= Kosmas Thesprotos =

Greek scholar, priest and theologian

Kosmas Thesprotos or Kosmas o Thesprotos (Κοσμάς ο Θεσπρωτός Kosmas the Thesprotian, 1780[;]–1852) was a Greek scholar, priest and theologian.

== Life ==
Kosmas was born as Kyritsis Kotras (Κυρίτσης (diminutive of Kyriakos) Κότρας) in the village of Jorgucat (Gr. Georgutsates, Γεωργουτσάτες), Dropull region in modern southern Albania, then Ottoman Empire. In 1805 he became a priest and changed his name to Kosmas. The following years he became a student of Athanasios Psalidas, a major figure of the modern Greek Enlightenment and graduated from the Kaplaneios School of Ioannina at 1815. He taught in several schools in Epirus region and after the successful Greek War of Independence (1821–1830) he moved to Athens were continued his educational activity. He died in Karpenisi, at 1852.

== Works ==
One of his famous works was the Γεωγραφία Αλβανίας και Ηπείρου (Geography of Albania and Epirus), based on the teachings of his teacher Psalidas.
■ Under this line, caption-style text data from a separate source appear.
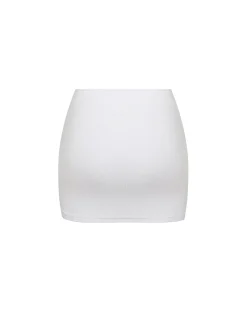 Ribbed Mid Rise Skirt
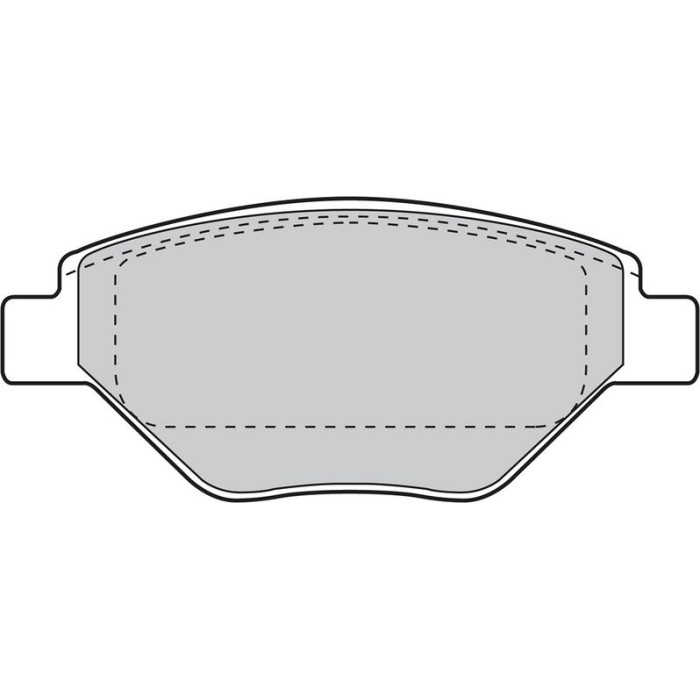 Valeo 598557 Bremsbelagsatz, Scheibenbremse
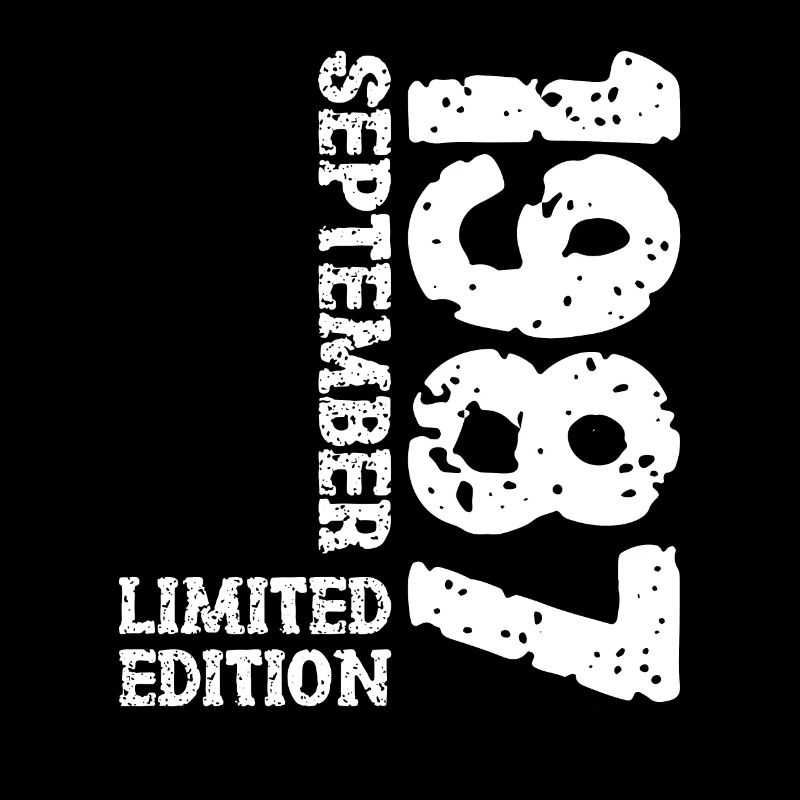 1987 Septembre Edition Limitée 36th Birthday Deco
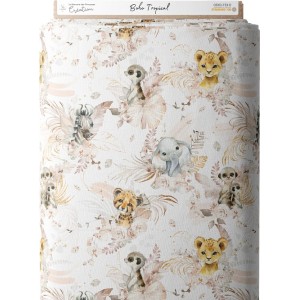 Tissu coton imprimé pour enfants Tropical Boho- Certifié Oeko-Tex® Mercerie des Princesses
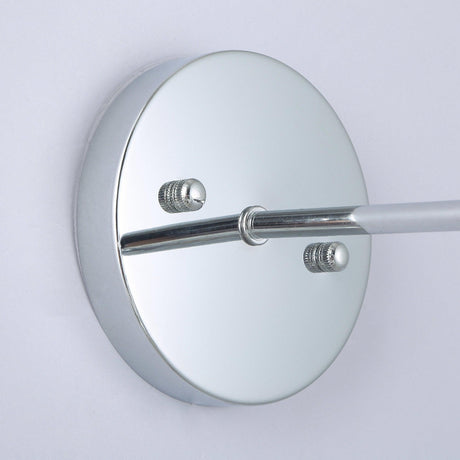 1-Light Modern Silver Wall Sconce Light-Parc Decor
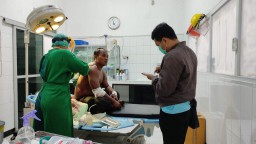 Duel Sesama Nelayan, Satu Orang Luka Tusuk dan 1 Buron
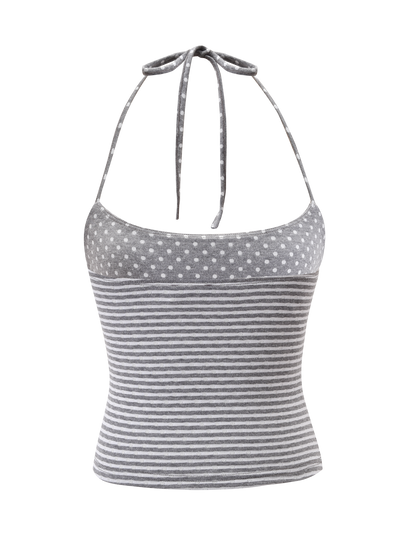 DASHIELL TOP - HEATHER GREY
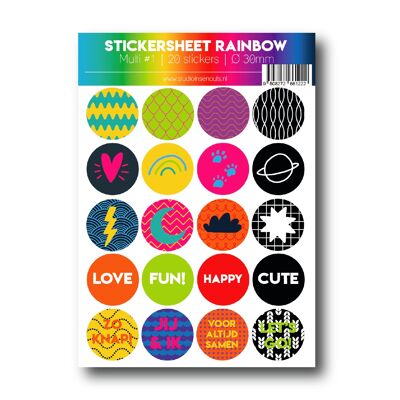 Stickervel | Regenbogen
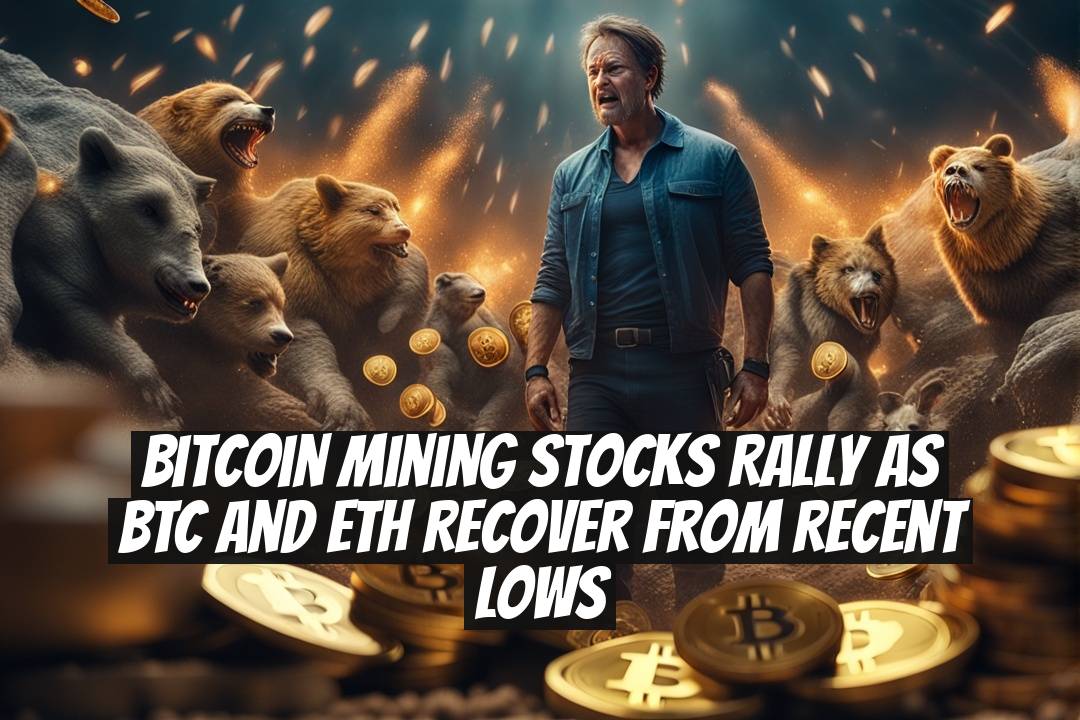 Bitcoin mining stocks rally as BTC and ETH recover from recent lows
It was composed around 1833. It is a geographical treatise which describes geographically Albania and Epirus. Kosmas in this work adopted the notion of Psalidas that placed the geographical border between Epirus and Albania along the river Vjose (Aoos). This work was completed after his graduation from the Kaplaneios, when he worked as a teacher in various Greek schools in Epirus. He also wrote the following works:

- Γεωγραφία Αλβανίας και Ηπείρου (Geography of Albania and Epirus)
- Εγχειρίδιο φιλοσοφίας (Manual of Philosophy)
- Ποιημάτιον (Poem).
- Cosmas Thesprotos, La complainte d’Ali Pacha. Éd. critique avec trad. et glossaire par Yvon Tarabout. Publications Langues’O, Paris 1983.